Spatial confinement and electron transfer moderating Mo-N bond strength for superior ammonia decomposition catalysis

Abstract Advanced catalysts for ammonia (NH3) decomposition reaction hold great promise in the area of renewable energy. In this work, highly dispersed molybdenum nitride (MoN/Mo2N) nanocrystals anchored on in-situ assembled two-dimensional (2D) mesoporous silica/reduced graphene oxide (rGO) hybrid nanosheets (MoN/SBA-15/rGO and Mo2N/SBA-15/rGO) were designed and synthesized as active and stable catalysts for COx-free H2 generation via NH3 decomposition.
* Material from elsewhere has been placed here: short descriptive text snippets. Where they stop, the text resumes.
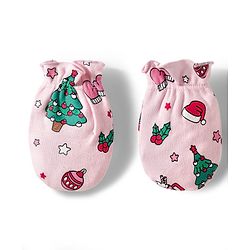 Babyhug 100% Cotton Mittens & Booties With Christmas Print - Pink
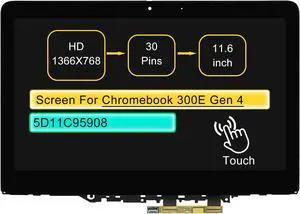 11.6" LCD Touch Screen Replacement Digitizer Assembly for Lenovo Yoga Chromebook 300E Gen 4 82W2 82W3 5D11C95909 5D11C95908 5D11C95910 5D11C95911 5D11C95912 5D11C95913 (HD 1366 * 768)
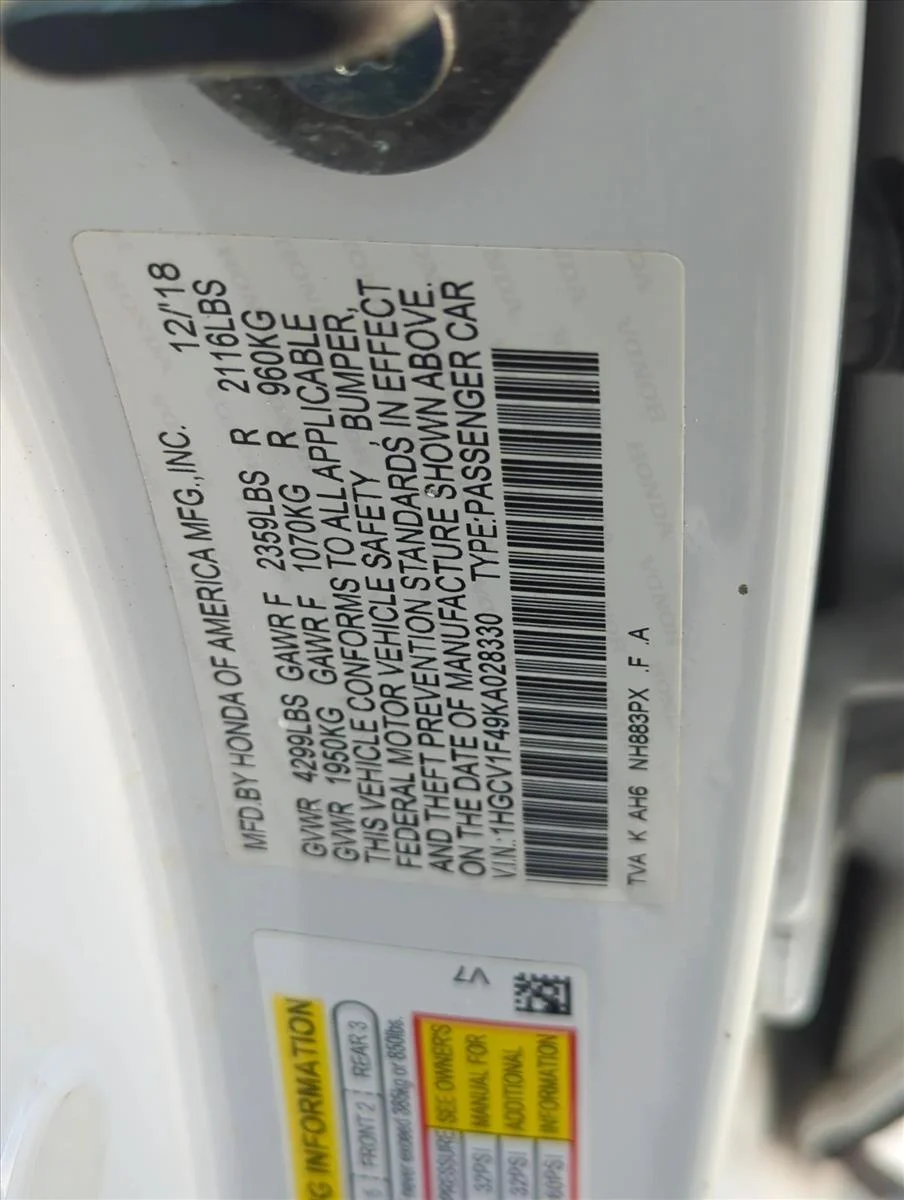 Used 2019 Platinum White Pearl Honda EX 1.5T image 29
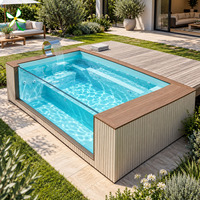 Piscine hors sol en fibre de verre de luxe, préfabriquée, avec fenêtre transparente, marches latérales, pour villa, jardin, jacuzzi extérieur, spa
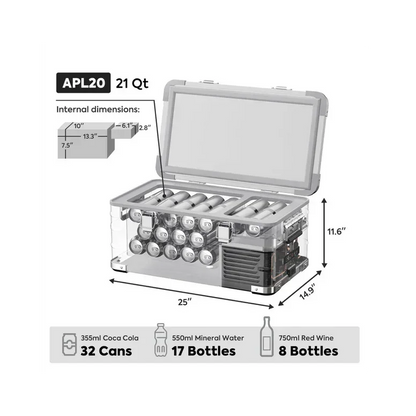 21 quart portable vehicle storage box with interior dimensions, can and bottle capacity diagram.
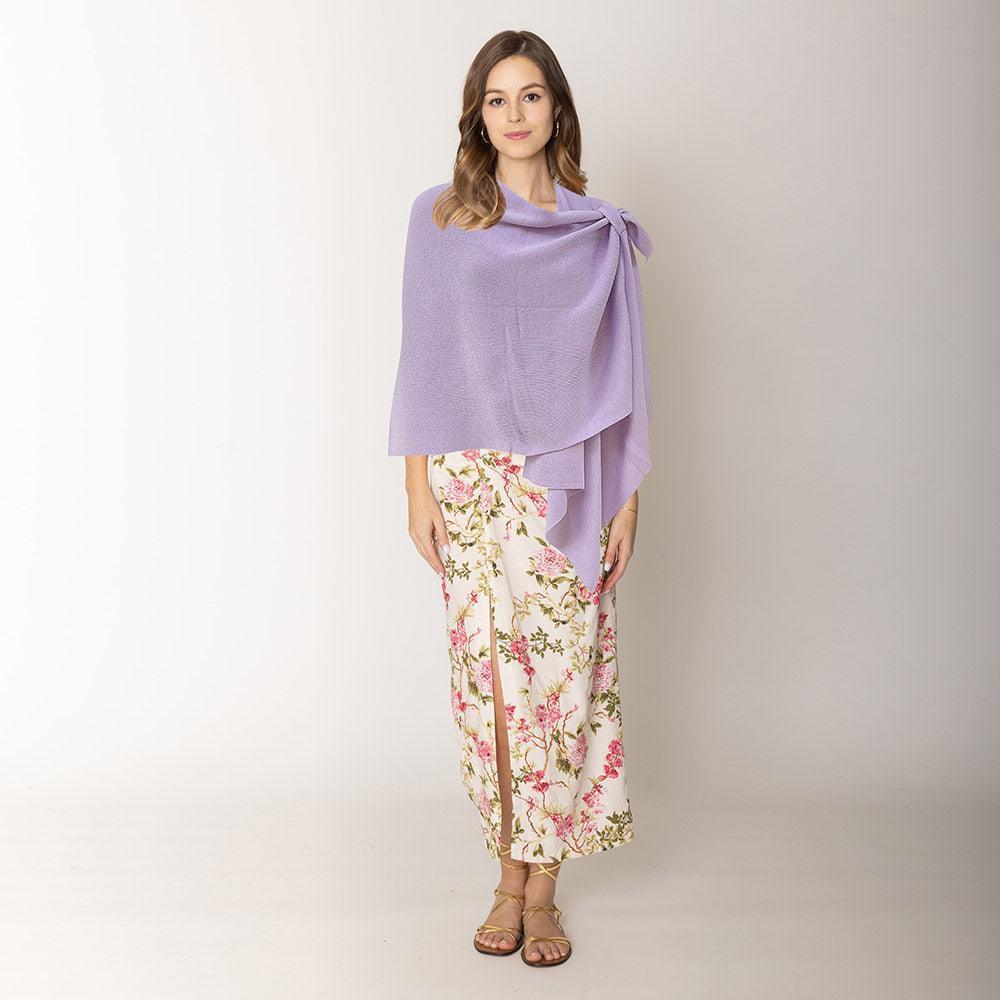Lavender Shoulder Strap Solid Ruana Poncho - Jewelry Store by Erik Rayo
Benefiting from well-defined molybdenum nitride nanocrystals and moderate Mo N band strength, the nanohybrids exhibited superior catalytic property, especially Mo2N/SBA-15/rGO with the highest NH3 decomposition rate of 30.58 mmol g−1cat min−1 among any Mo-based catalysts reported to date. Density functional theory (DFT) calculations revealed that the superior catalytic activity for Mo2N compared to MoN stemmed from a large reduction of kinetic energy barriers of dehydrogenation and nitrogen desorption. Moreover, the introduction of rGO can effectively weaken the associative desorption of adsorbed N atoms and thus improve NH3 decomposition activity. This study highlights the importance of designing spatially confined metal nitrides for enhancing energy catalysis.